ABOUT THIS TASK: Below are the records; give again exactly the lines from the one containing "Universal Smart Mobile" through the one containing "Factoring & Laws", leaving out pictures.

THE RECORDS:
——————

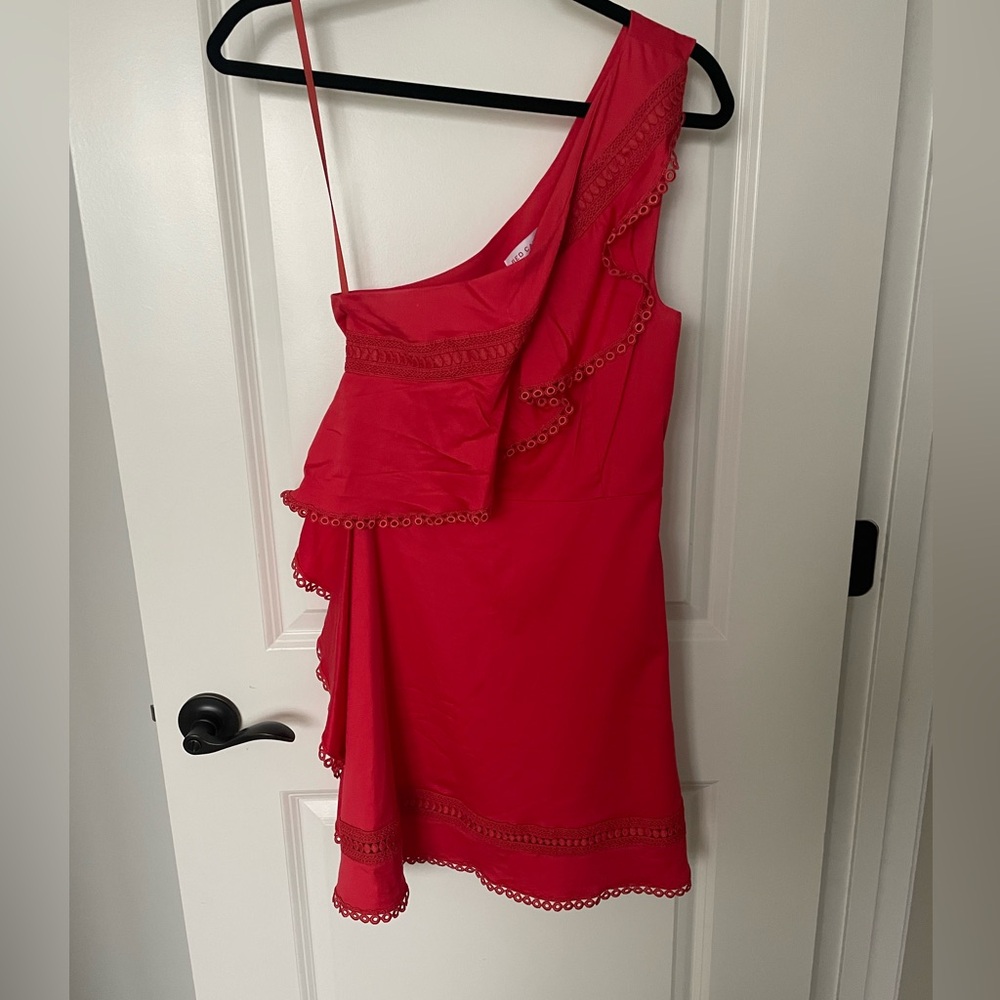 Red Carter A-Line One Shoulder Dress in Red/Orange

——————

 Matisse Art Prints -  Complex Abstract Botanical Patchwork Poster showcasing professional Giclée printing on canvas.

——————

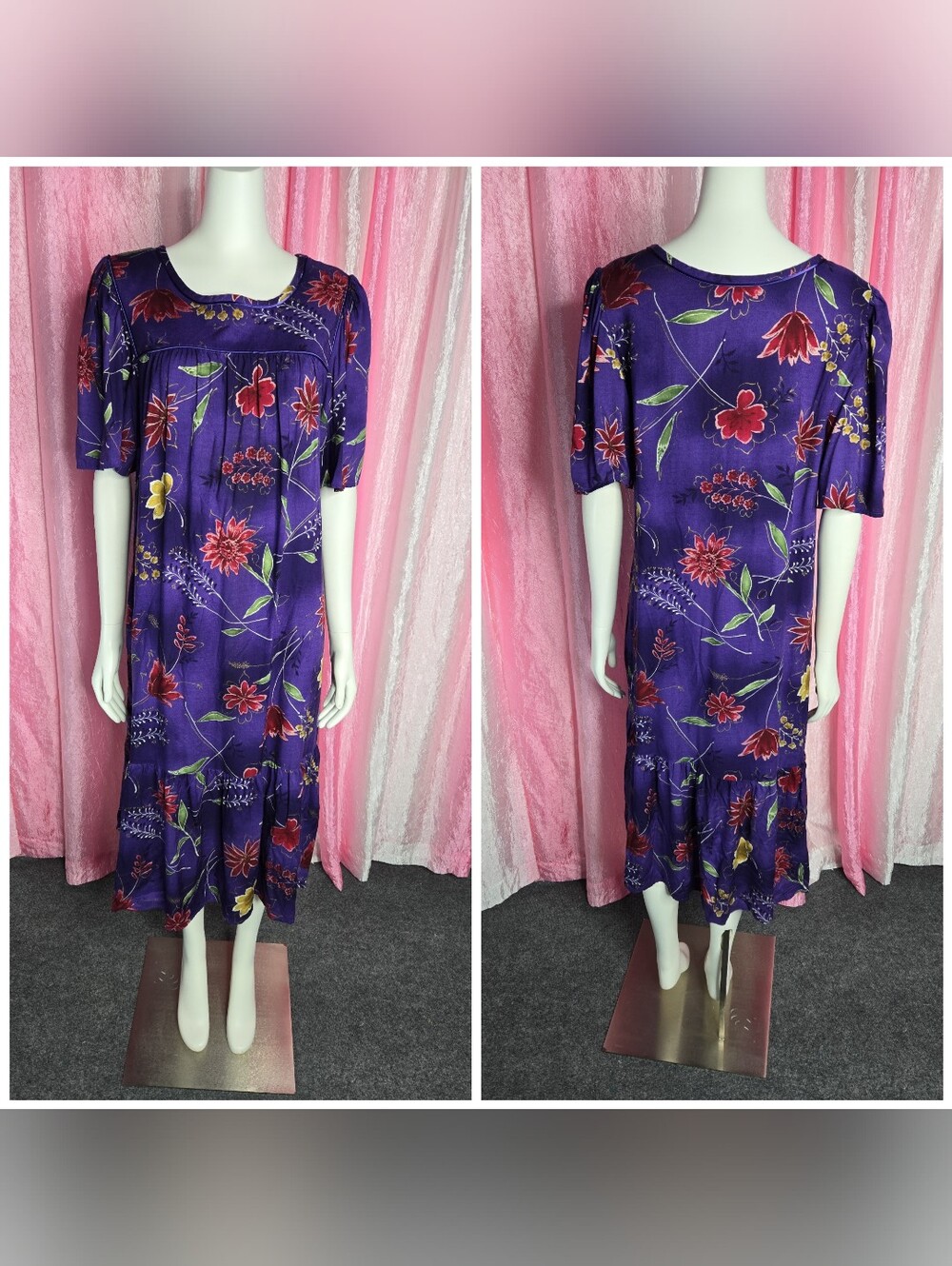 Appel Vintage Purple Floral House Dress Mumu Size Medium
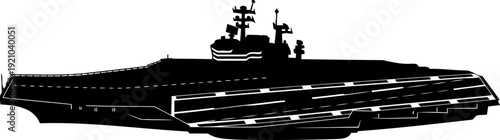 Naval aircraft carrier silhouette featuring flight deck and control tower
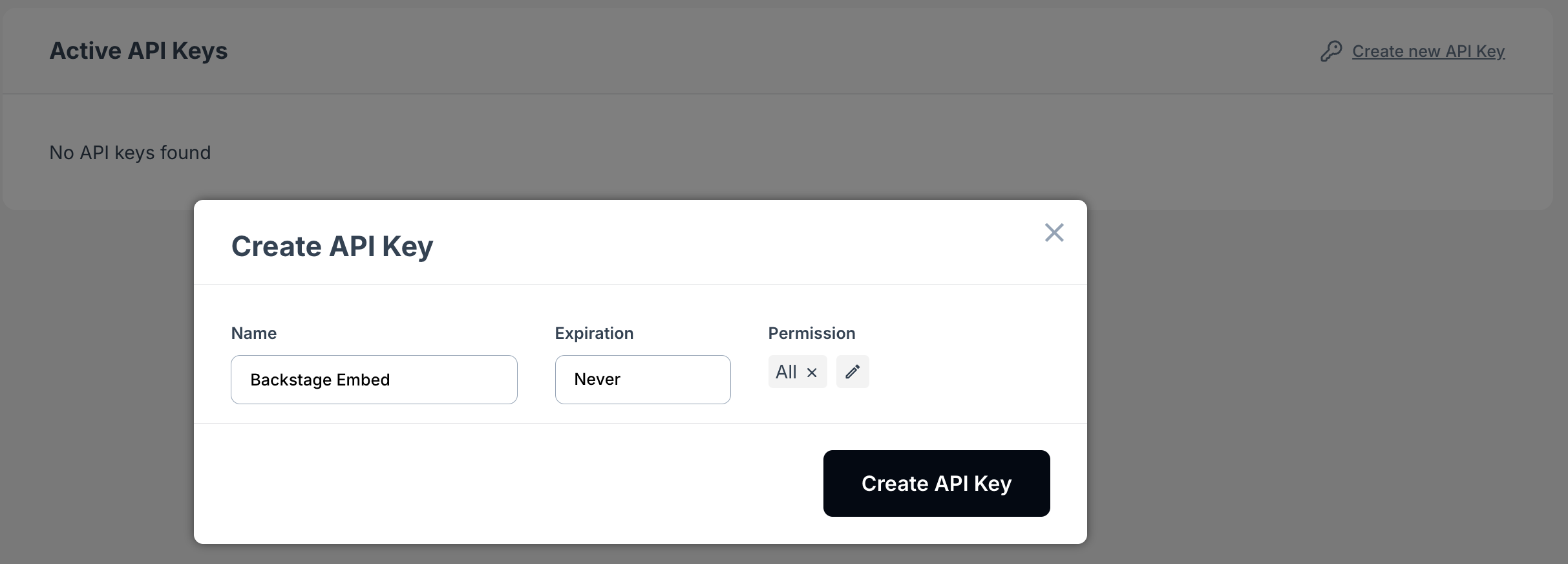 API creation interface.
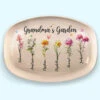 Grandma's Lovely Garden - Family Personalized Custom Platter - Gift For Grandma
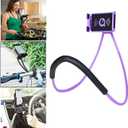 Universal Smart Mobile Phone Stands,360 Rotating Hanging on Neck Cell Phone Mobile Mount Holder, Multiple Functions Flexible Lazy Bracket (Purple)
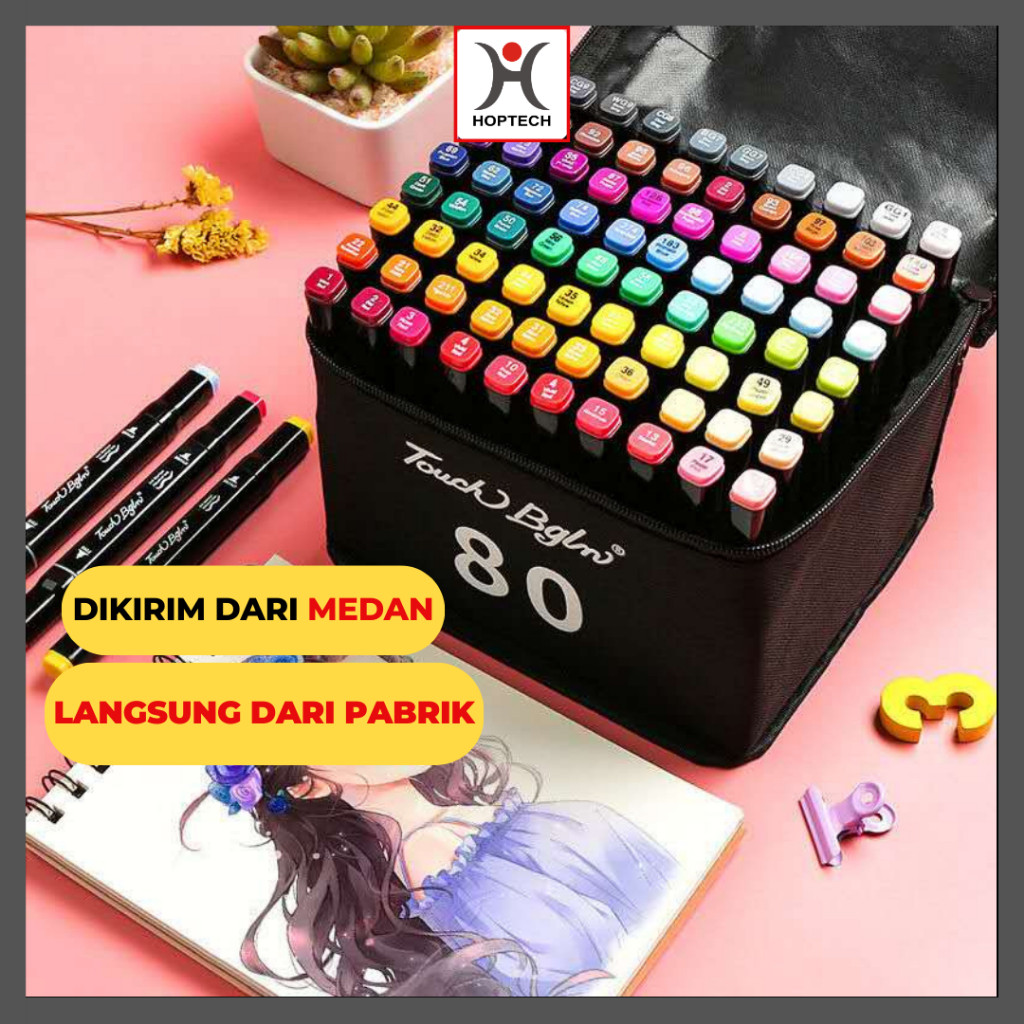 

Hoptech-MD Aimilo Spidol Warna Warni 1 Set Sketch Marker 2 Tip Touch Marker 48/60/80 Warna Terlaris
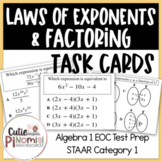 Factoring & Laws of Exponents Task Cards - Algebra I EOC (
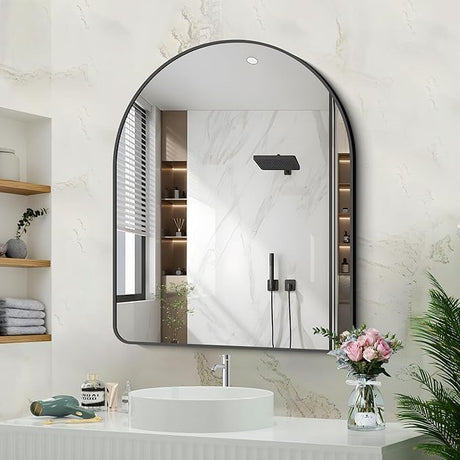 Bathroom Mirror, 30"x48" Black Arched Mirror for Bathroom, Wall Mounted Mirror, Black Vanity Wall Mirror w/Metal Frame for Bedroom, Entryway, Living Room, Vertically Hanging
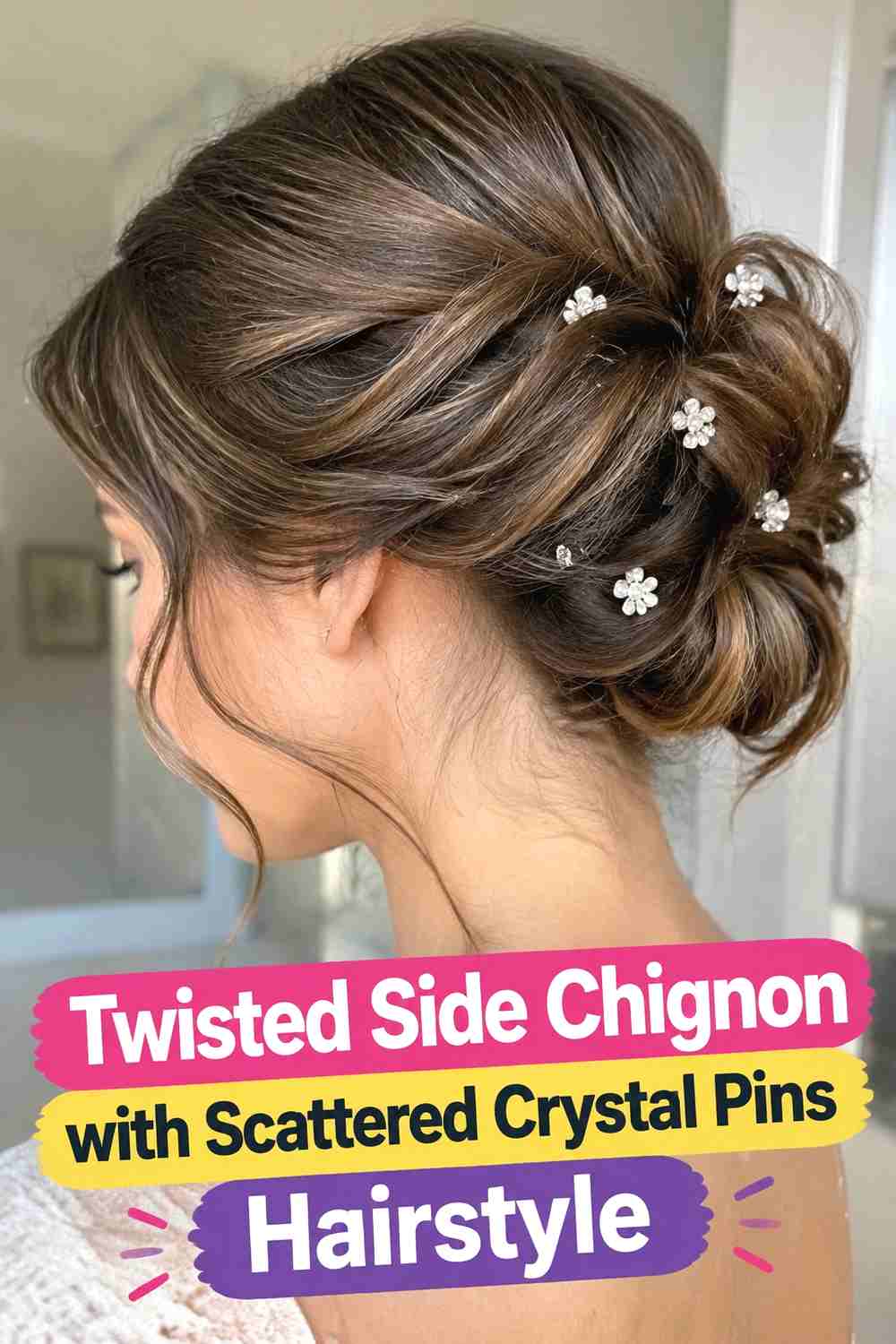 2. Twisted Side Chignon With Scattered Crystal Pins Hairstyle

——————

TASK RESPONSE:
 Universal Smart Mobile Phone Stands,360 Rotating Hanging on Neck Cell Phone Mobile Mount Holder, Multiple Functions Flexible Lazy Bracket (Purple)

Hoptech-MD Aimilo Spidol Warna Warni 1 Set Sketch Marker 2 Tip Touch Marker 48/60/80 Warna Terlaris
 Factoring & Laws of Exponents Task Cards - Algebra I EOC (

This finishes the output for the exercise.